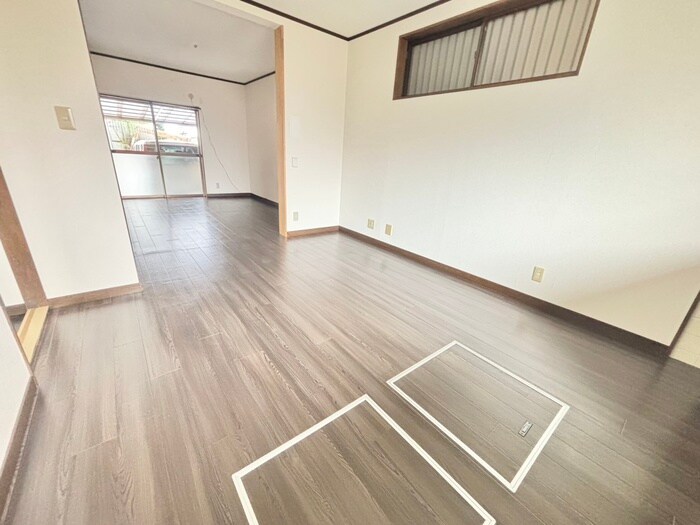 物件内観写真8　(居室)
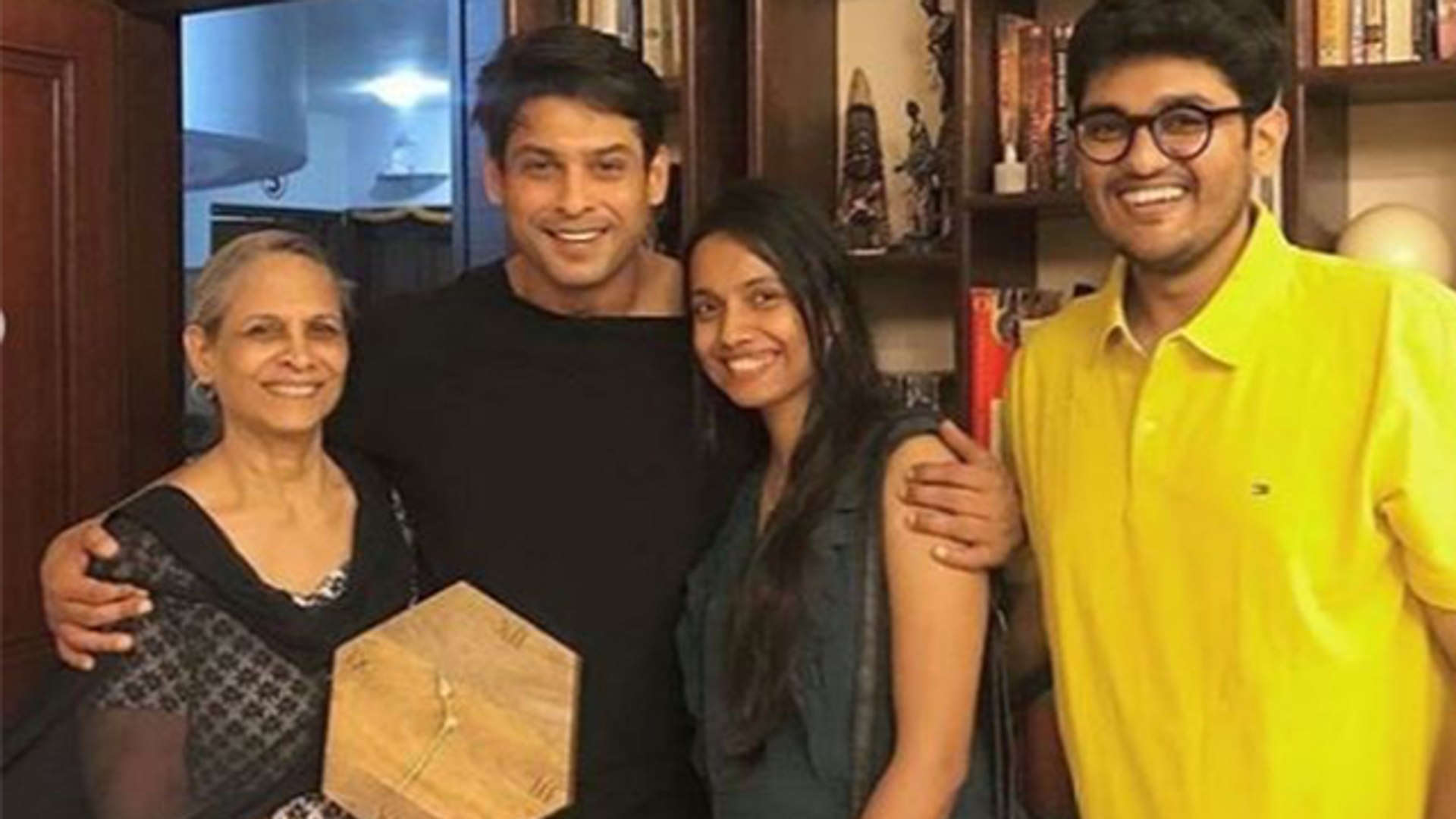 ⁣Bigg Boss 13 winner Siddharth Shukla का मम्मी और Cousins संग मस्ती | FilmiBeat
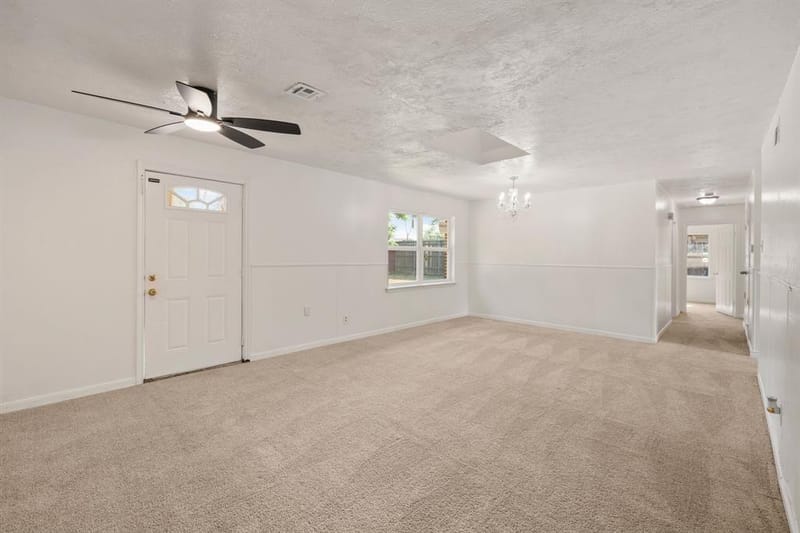 13545 Flagstone Lane, Dallas TX 75240 - Photo 11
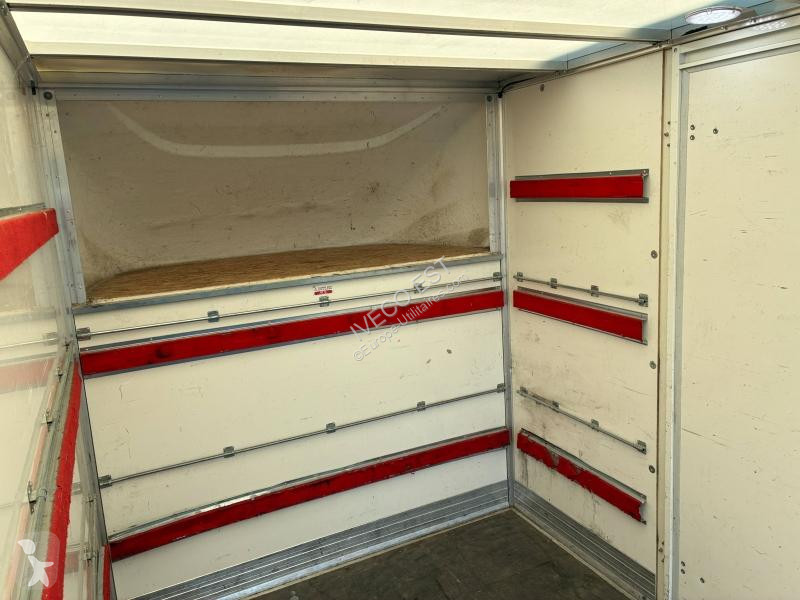 Véhicule utilitaire Iveco 3.0 - Caisse 20 m3 +...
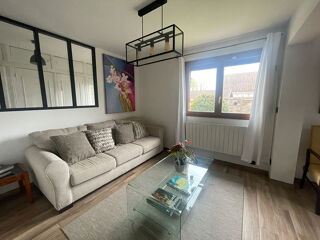  Maison  louer 6 pices 167 m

+-------+

## Work order
Copy exactly, and only, the lines running from the one containing "13545 Flagstone Lane, Dallas" through the final line of the data, and omit the pictures.

## Your solution
 13545 Flagstone Lane, Dallas TX 75240 - Photo 11
 Véhicule utilitaire Iveco 3.0 - Caisse 20 m3 +...
  Maison  louer 6 pices 167 m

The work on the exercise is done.